Airlines challenging the Transportation Department’s new consumer rules lost a round in their court case, when the U.S. Court of Appeals in Washington denied their motion for a stay of some of the rules.

In a unanimous order without elaboration, the court said the parties “have not satisfied the stringent requirements” for a stay.

Those requirements include a showing that the petitioners will suffer immediate and irreparable harm without a stay, a point that might have been difficult to establish because the DOT has already postponed the effective date of all the challenged provisions until Jan. 24.

The stay was requested by three airlines — Allegiant, Southwest and Spirit — all of whom challenged the DOT’s decision to reverse its policy on price advertising.

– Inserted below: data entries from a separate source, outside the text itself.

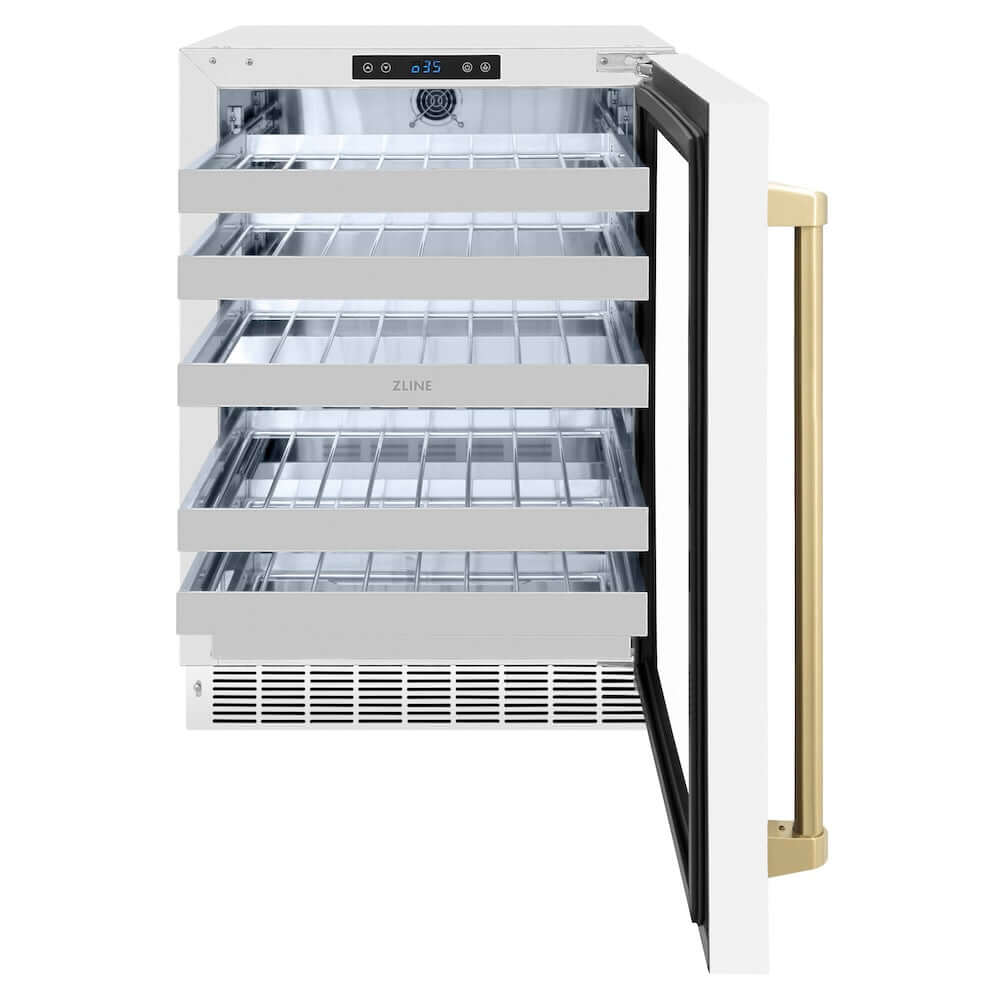 ZLINE Autograph Edition 24 in. Touchstone Dual Zone 44 Bottle Wine Cooler With White Matte Glass Door And Champagne Bronze Handle (RWDOZ-WM-24-CB) front, open, empty.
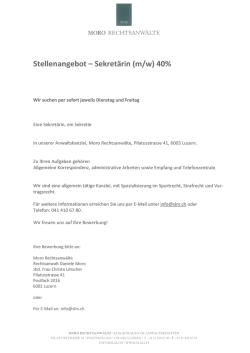 Stellenangebot — Sekretärin (m/w) 40%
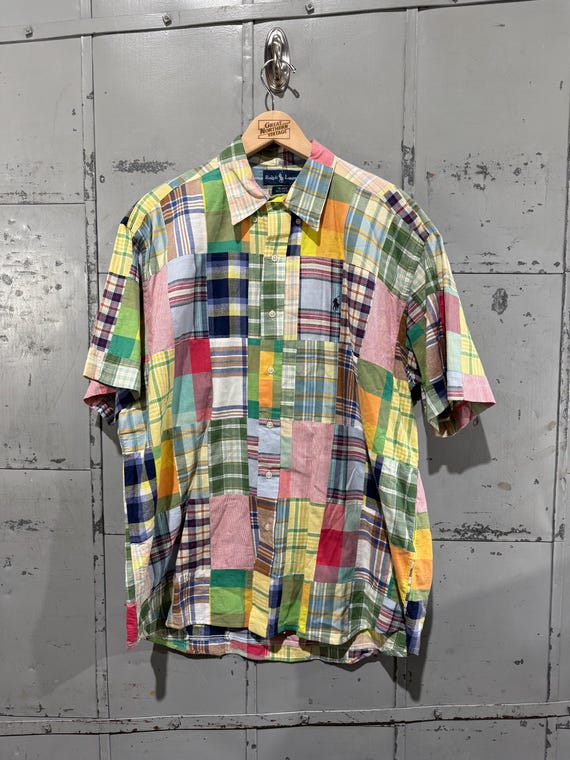 Vintage Polo Ralph Lauren Patchwork Shirt Button up Pastel Short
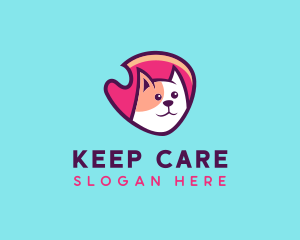 Happy Cute Pet Cat Badge logo design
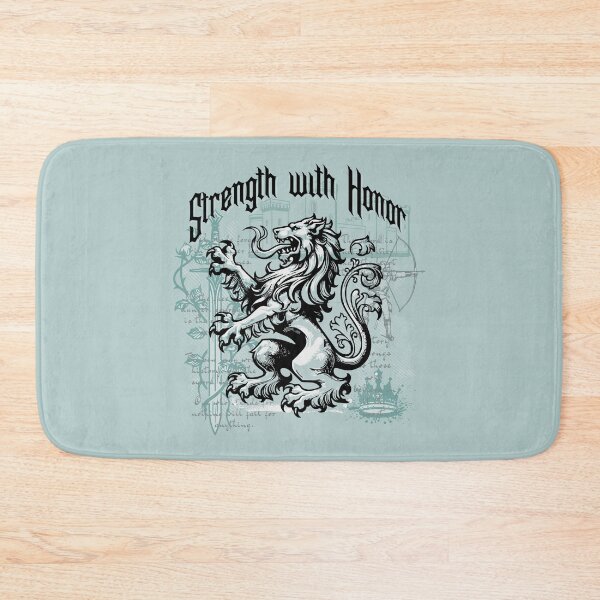 Item preview, Strength with Honor Heraldic Lion | Medieval Castle Knight Fantasy Crest Art designed and sold by Sachie's Studio.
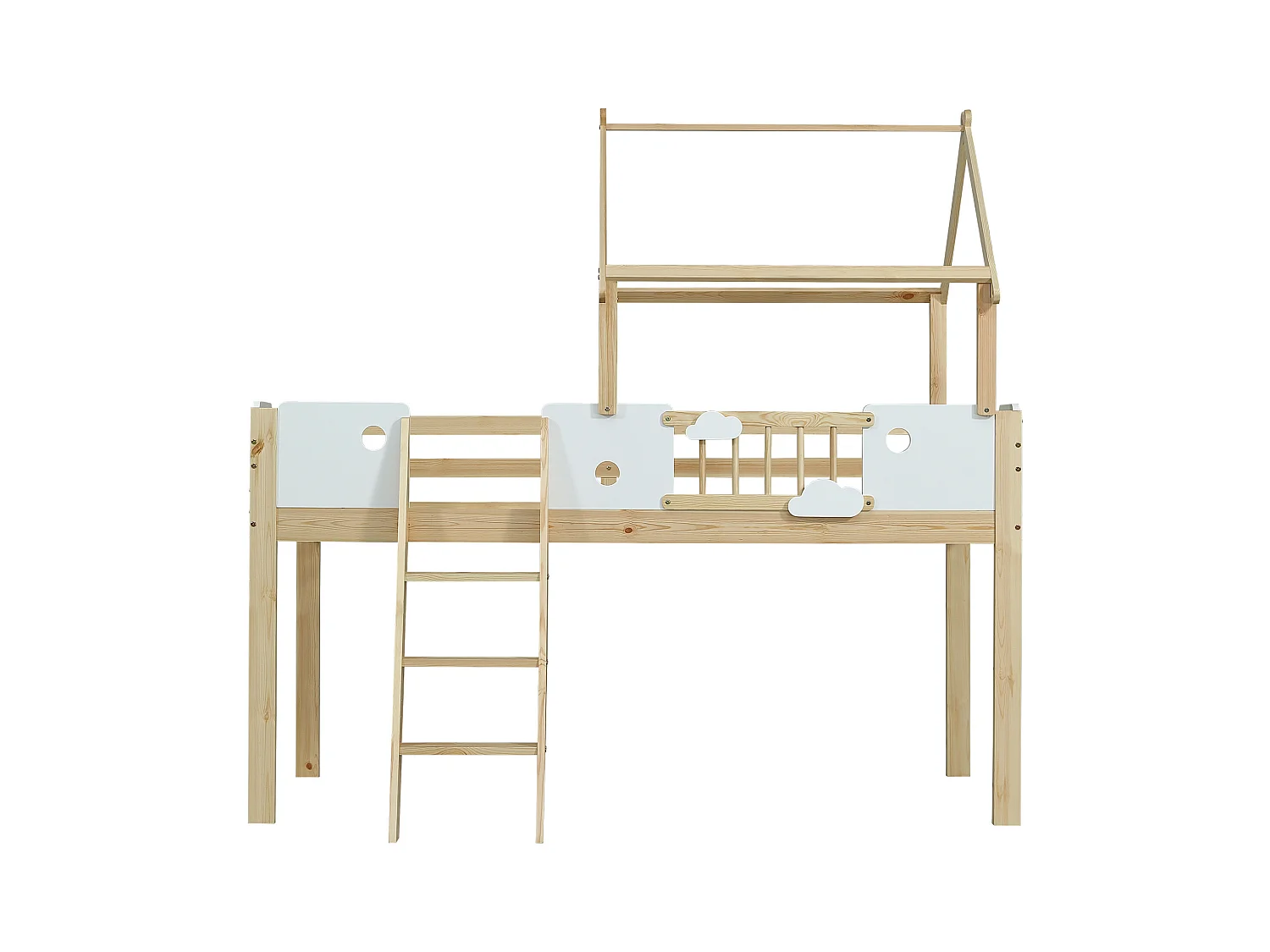 Lit mezzanine pour enfant, 90 x 200 cm, avec barrières de sécurité et garde-corps, échelle à trois marches, blanc + couleur naturelle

Currently, airlines can break out certain taxes and fees in a flight listing or advertisement if they are adequately explained nearby. The new rule would reverse that policy and require advertised or displayed prices to include all taxes and fees, whether imposed by governments, carriers or intermediaries.

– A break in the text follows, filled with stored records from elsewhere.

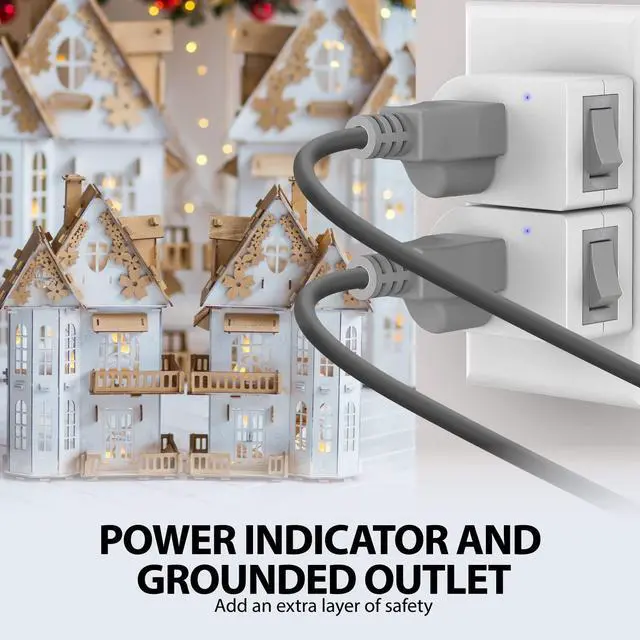 Alt view image 5 of 7 - Grounded Outlet with ON/Off Switch (2 Pack), 3 Prong Electrical Plug Outlet Extender Switch, 245J Single Port Power Adapter Surge Protector, 15A Circuit Breaker, White, ETL Listed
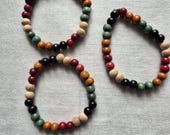 3in1 Natural Wood Bead Stretch Bracelet | Minimalist Boho Stackable Jewelry
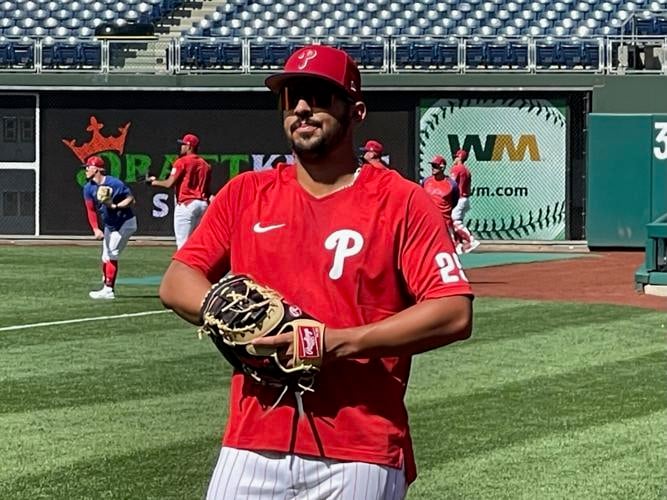 Who is Darick Hall and why is he batting cleanup for the Phillies on  Wednesday night?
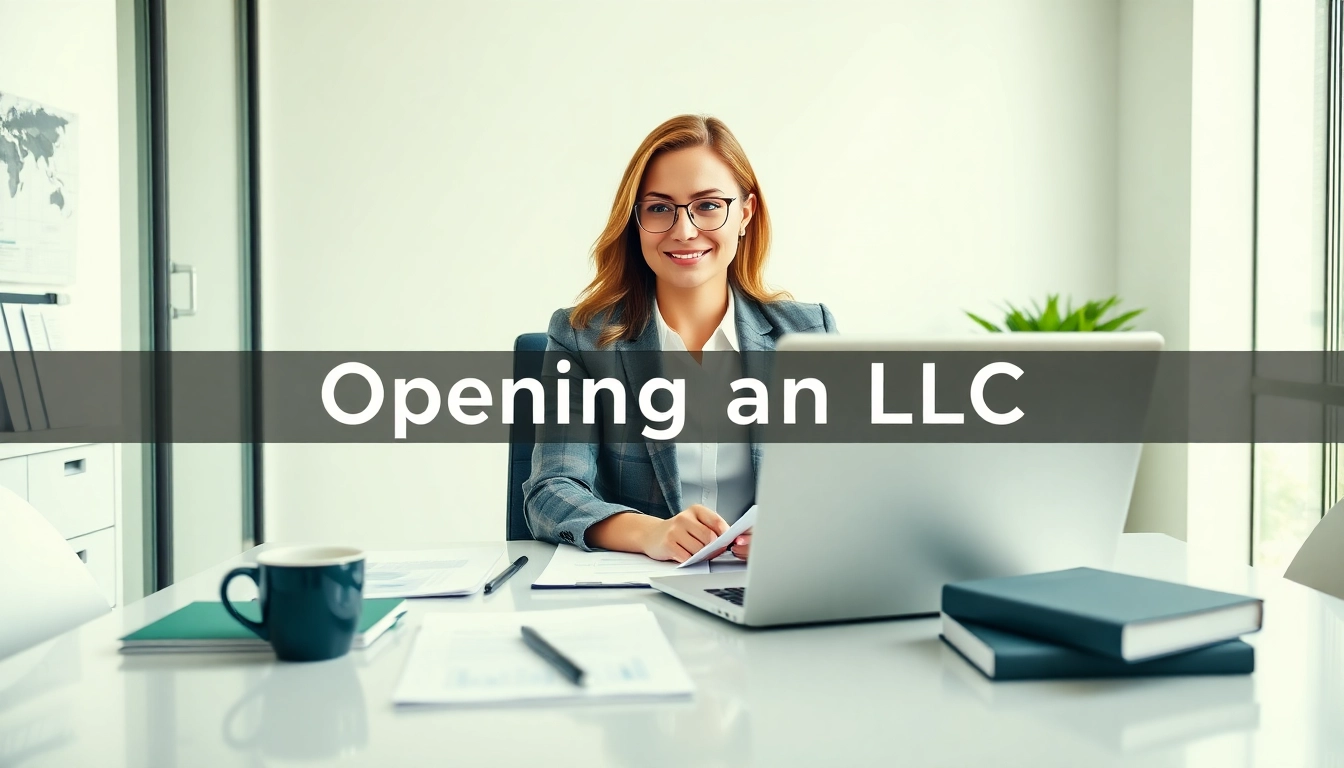 Businesswoman preparing documents for Opening an LLC in a modern office environment.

Allegiant and Spirit, in addition, sought a stay of the following provisions:

• A requirement that airlines allow travelers to hold a reservation for 24 hours without payment, or to grant cash refunds for cancellations made within 24 hours of payment.

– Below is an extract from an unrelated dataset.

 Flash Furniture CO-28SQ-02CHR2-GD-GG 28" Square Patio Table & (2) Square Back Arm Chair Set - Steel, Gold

• A requirement that e-ticket confirmations include a notice disclosing airline baggage allowances and fees.

• A rule prohibiting post-purchase increases in airfares or in any component of an air-inclusive package.

• A requirement that airlines and travel sellers inform customers who make a deposit about the potential for a price increase between the time of deposit and the due date for final payment. Airlines and travel sellers will be required to obtain the traveler’s written consent — otherwise any increase cannot be passed on.